- _EXERCISE_:
Make an exact copy of the data below, leaving out every picture.

Short web captions:
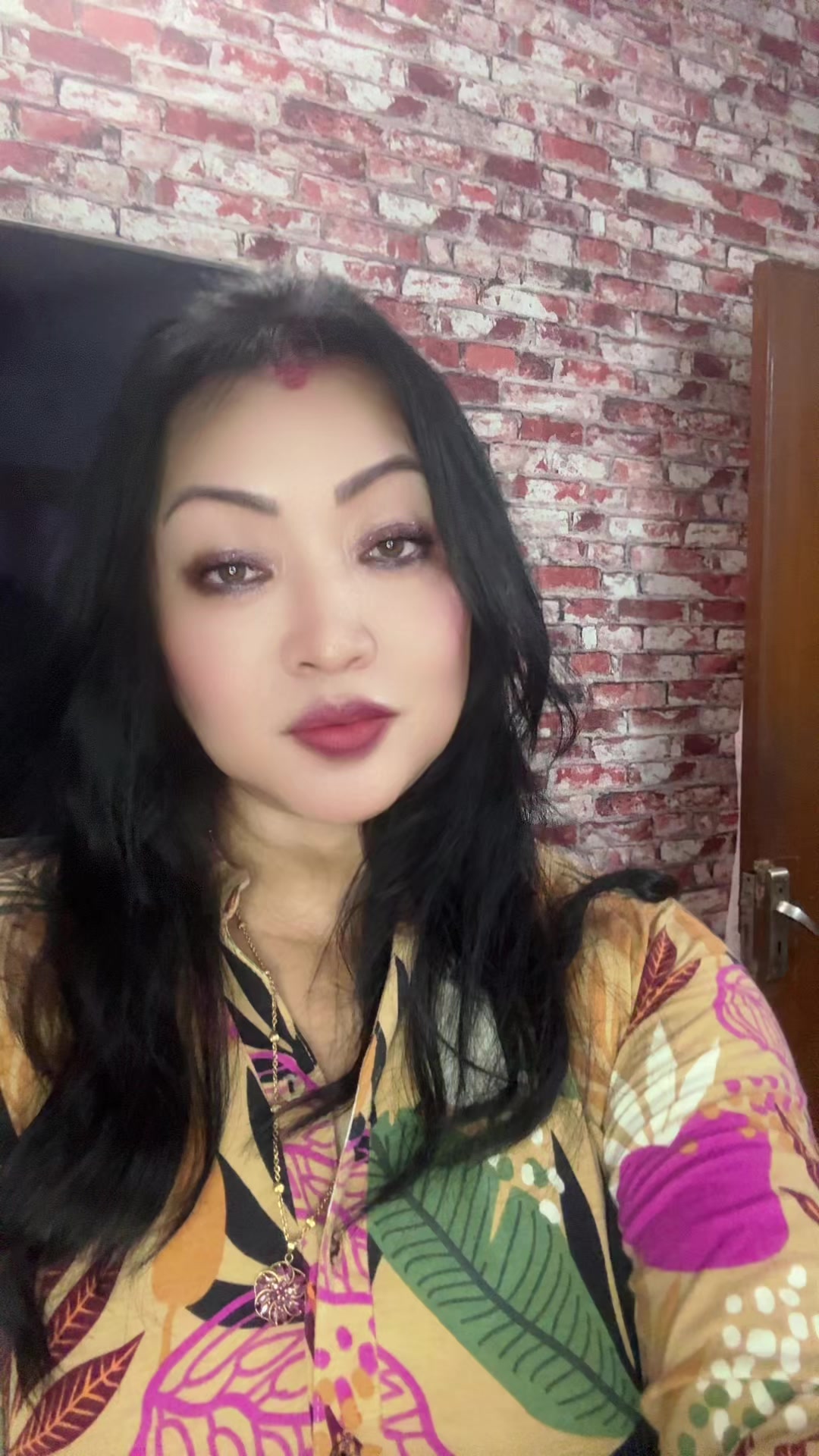 @Salika Limbu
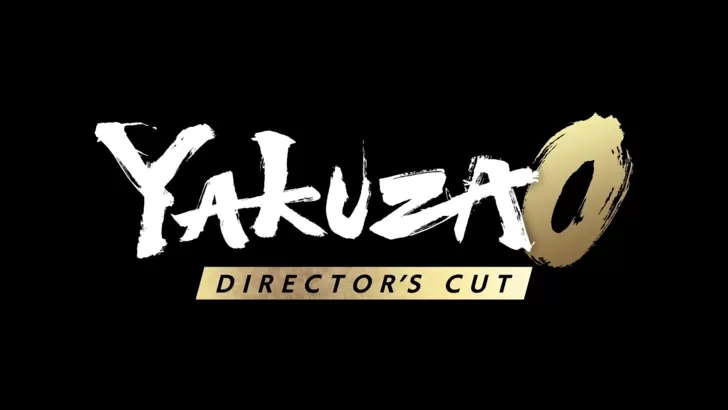 Yakuza 0 Yönetmen Kesimi: Çıkış Tarihi ve Saati ortaya çıktı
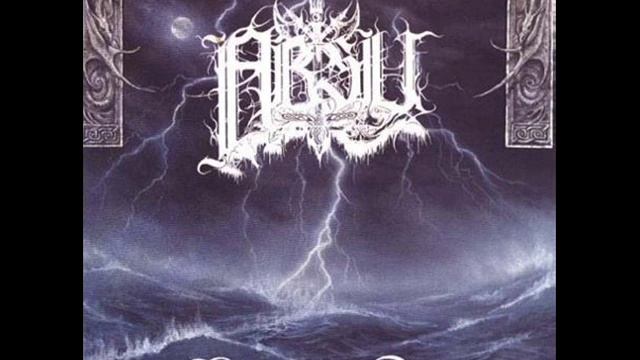 Absu - Highland Tyrant Attack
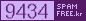 Ʒ ΰħ Ŭ ּ.
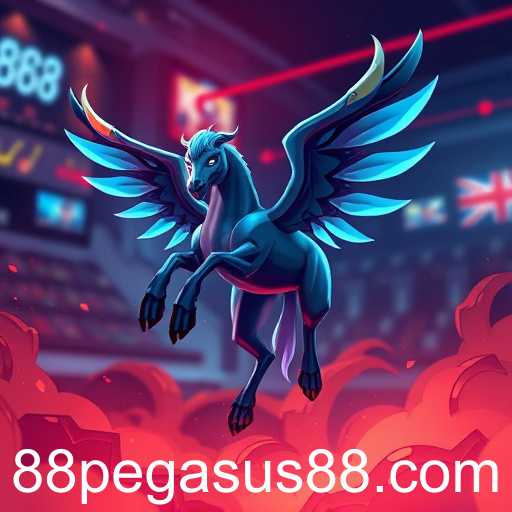 The Digital Evolution of Gaming in the 2020s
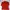 Tommy Hilfiger Red Mens Polo Shirt Long Sleeve photo 4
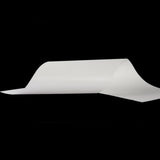 Maxbell Clear Skateboard Grip Tape for Skating Board Outdoor Activities Stairs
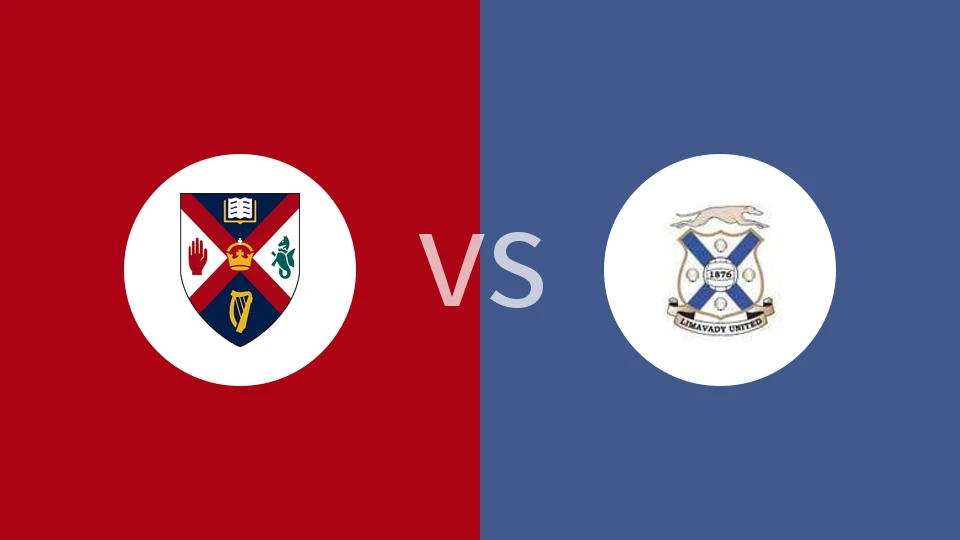 皇后大学vs利马瓦迪比分预测分析 2025/12/06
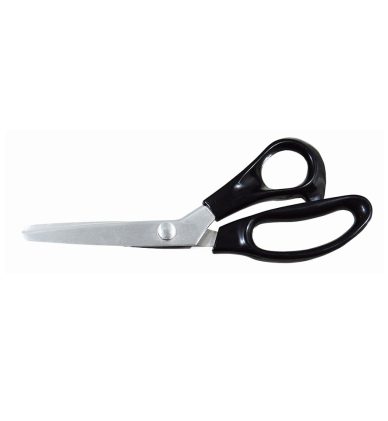 Kleiber Pinking Shears - William Gee UK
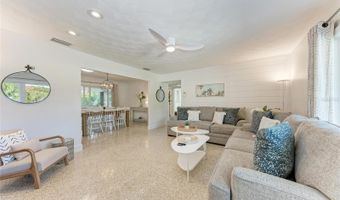 150 CRESCENT Dr, Anna Maria, FL 34216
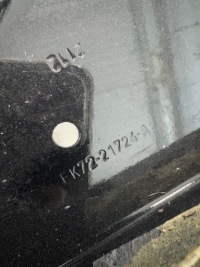 фото thumb №4, Land rover discovery sport правое передние дверь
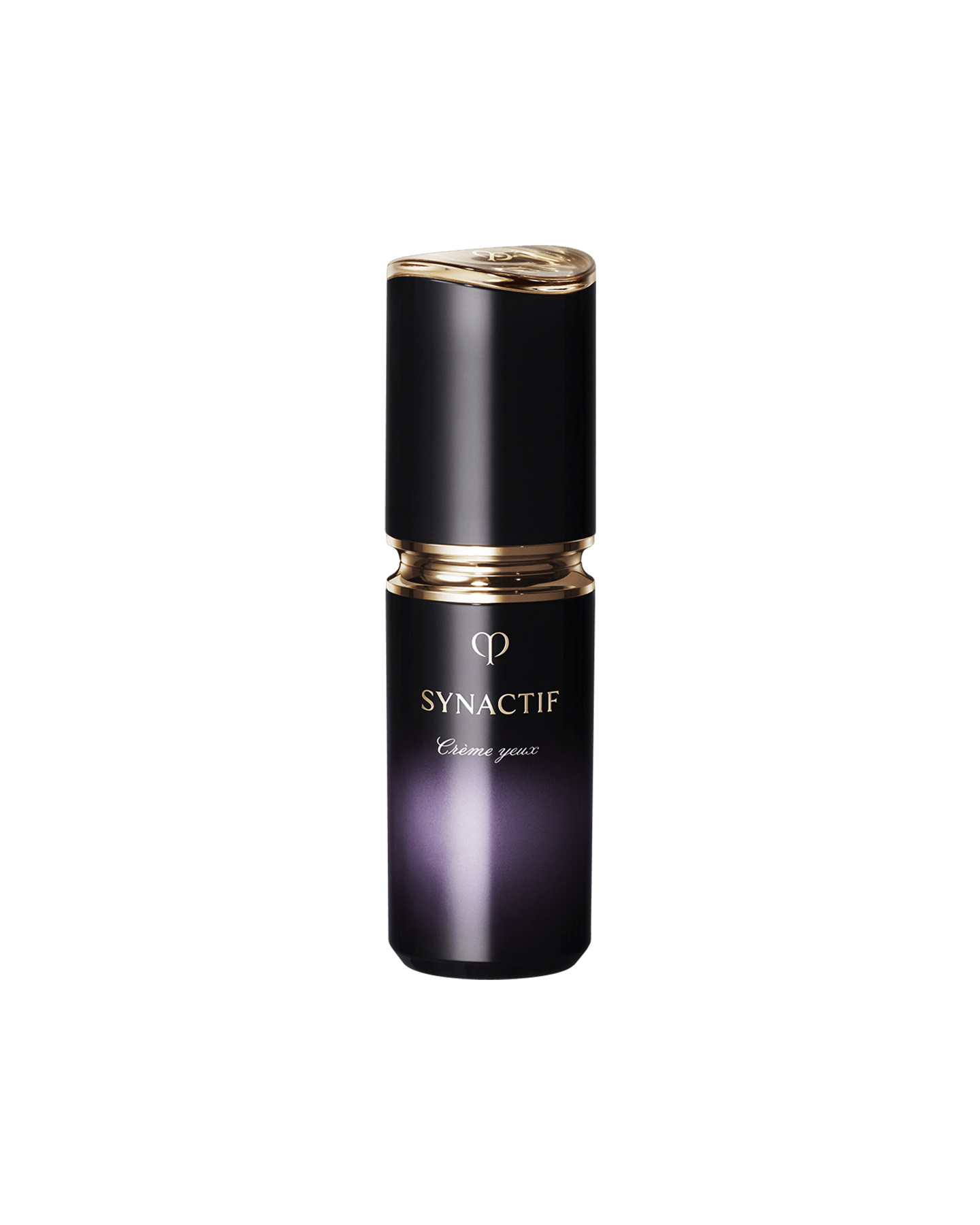 clé de peau SYNACTIF Hydratant spf 20ml pd-A16313-16304_1.png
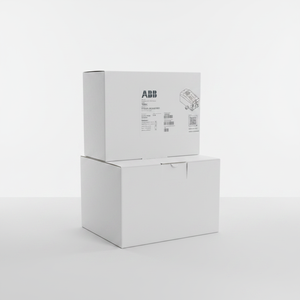 Oferta Especial: ABBTZIDC V18345-2020551001 V18345 Original |   Electro-neumático TZIDC Fabricado en Alemania - Product Image 4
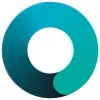 Ocean Software Ocean Software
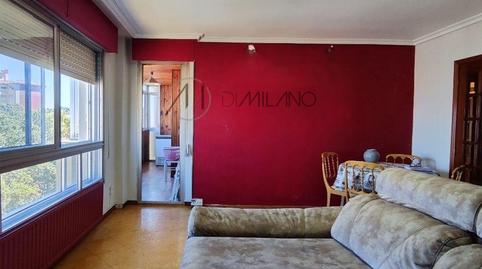 Photo 5 of Flat for sale in Coia, Pontevedra
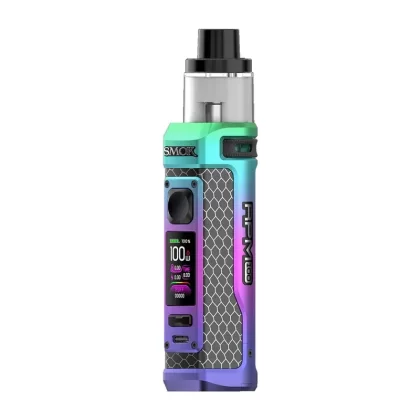 Smok RPM 100 Vape Kit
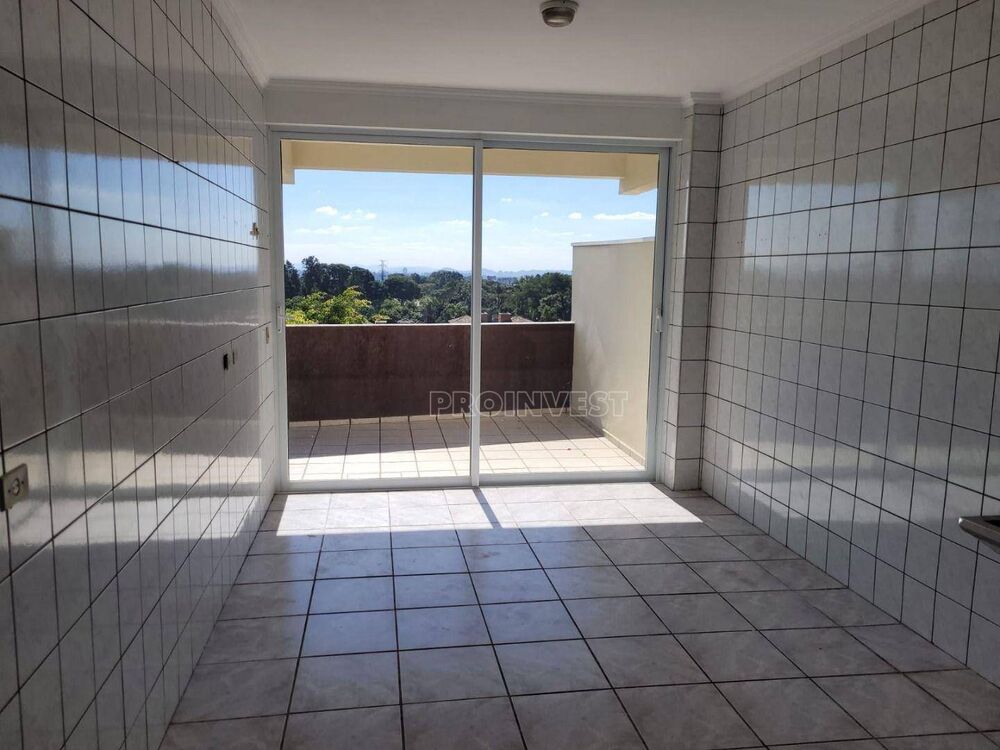 Casa, 3 quartos, 195 m² - Foto 3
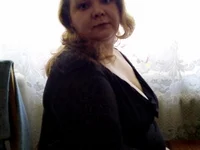 Jane_Kissys live XXX chat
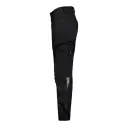 DASSY® Helix Next Women - Afbeelding 2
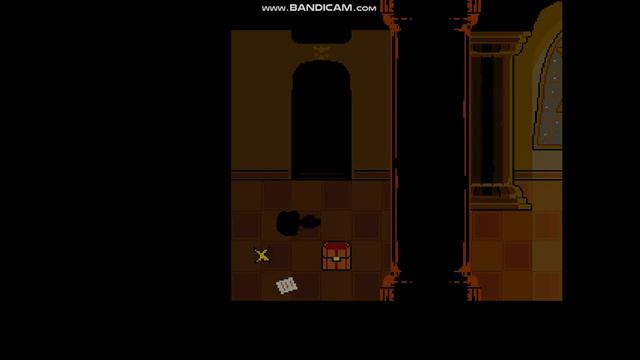 DISBELIVE PAPYRUS. смотреть онлайн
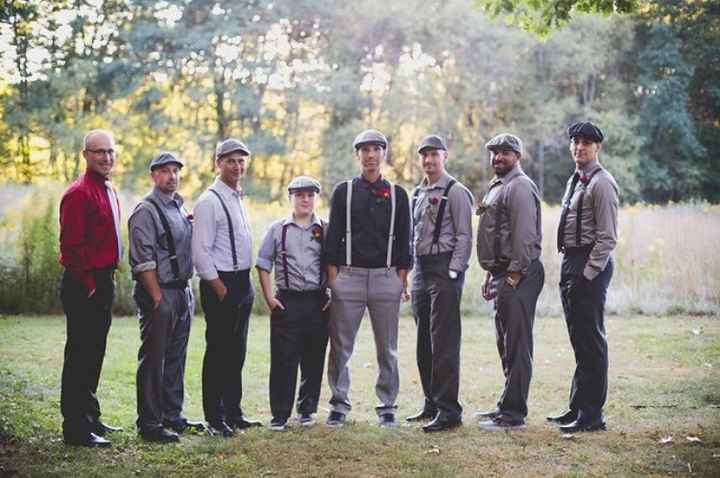 Pro-Bam!!! Super pic heavy.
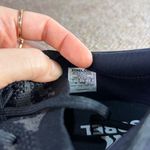 Sorel Explorer Blitz Stride Black Athletic Shoes Women's Sz 11 Outdoor Casual Photo 6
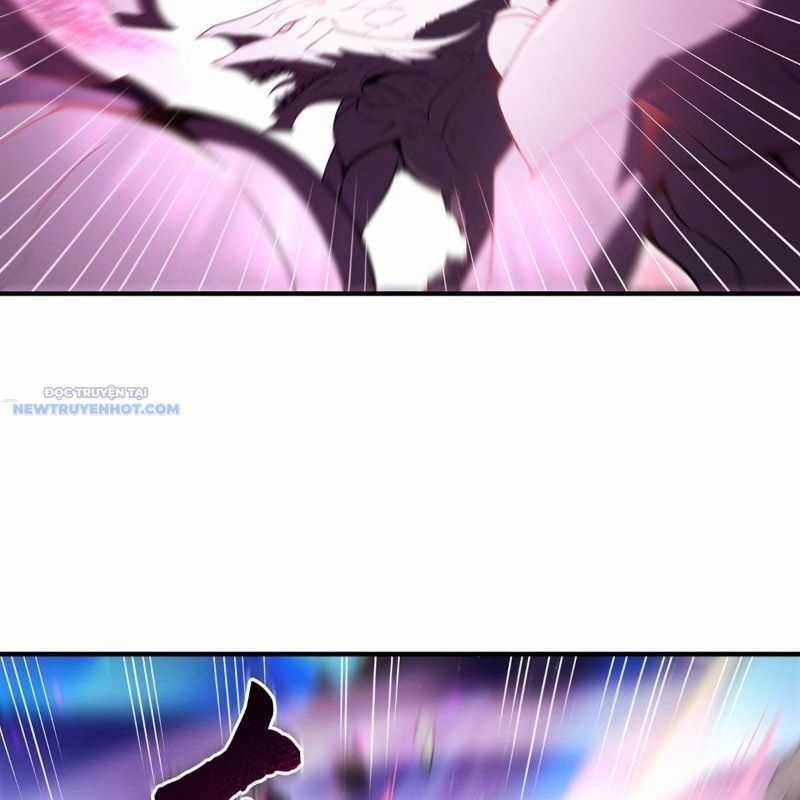 Các Nữ Đồ Đệ Của Ta Đều Là Chư Thiên Đại Lão Tương Lai Chương 273 trang 51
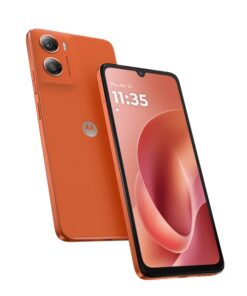 First Image: PB9B0007AU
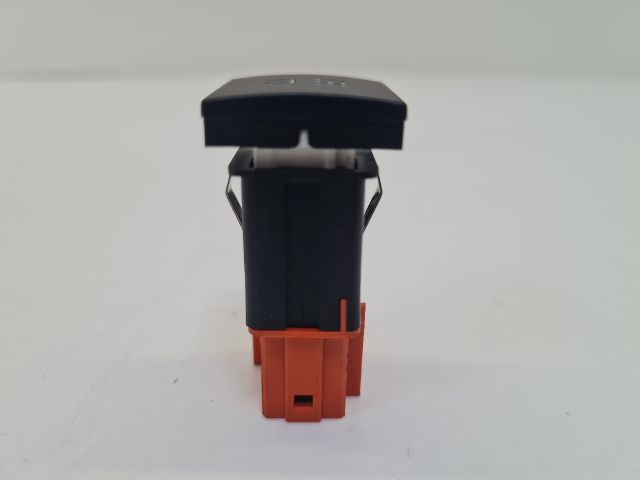 bontott VW GOLF VI TPMS Kapcsoló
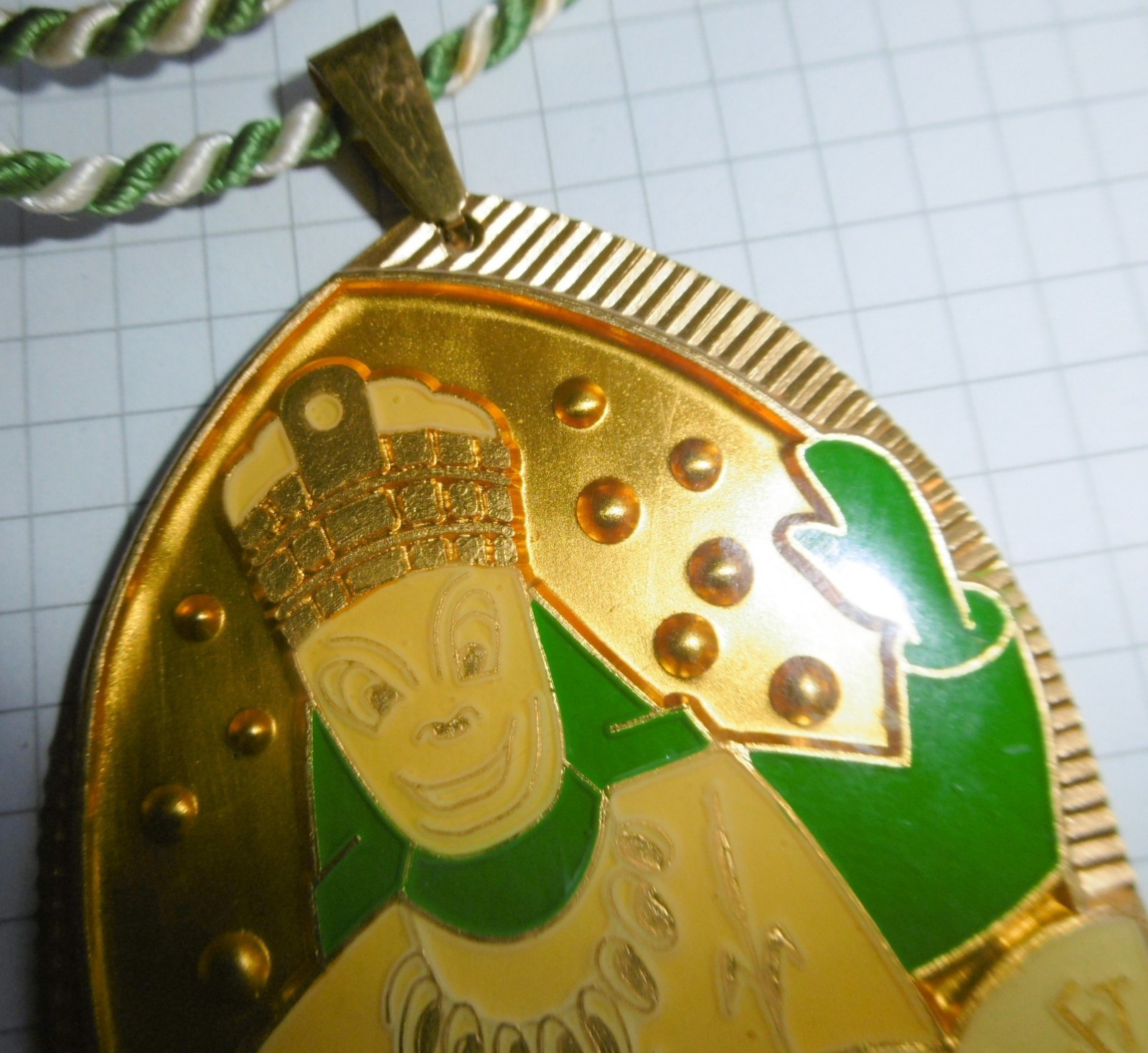 Picture 4 of 6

- _TASK RESULT_:
 @Salika Limbu
 Yakuza 0 Yönetmen Kesimi: Çıkış Tarihi ve Saati ortaya çıktı
 Absu - Highland Tyrant Attack
 Ʒ ΰħ Ŭ ּ.
 The Digital Evolution of Gaming in the 2020s
 Tommy Hilfiger Red Mens Polo Shirt Long Sleeve photo 4
 Maxbell Clear Skateboard Grip Tape for Skating Board Outdoor Activities Stairs
 皇后大学vs利马瓦迪比分预测分析 2025/12/06
 Kleiber Pinking Shears - William Gee UK
 150 CRESCENT Dr, Anna Maria, FL 34216
 фото thumb №4, Land rover discovery sport правое передние дверь
 clé de peau SYNACTIF Hydratant spf 20ml pd-A16313-16304_1.png
 Oferta Especial: ABBTZIDC V18345-2020551001 V18345 Original |   Electro-neumático TZIDC Fabricado en Alemania - Product Image 4
 Ocean Software Ocean Software
 Photo 5 of Flat for sale in Coia, Pontevedra
 Smok RPM 100 Vape Kit
 Casa, 3 quartos, 195 m² - Foto 3
 Jane_Kissys live XXX chat
 DASSY® Helix Next Women - Afbeelding 2
 DISBELIVE PAPYRUS. смотреть онлайн
 Pro-Bam!!! Super pic heavy.
 Sorel Explorer Blitz Stride Black Athletic Shoes Women's Sz 11 Outdoor Casual Photo 6
 Các Nữ Đồ Đệ Của Ta Đều Là Chư Thiên Đại Lão Tương Lai Chương 273 trang 51
 First Image: PB9B0007AU
 bontott VW GOLF VI TPMS Kapcsoló
 Picture 4 of 6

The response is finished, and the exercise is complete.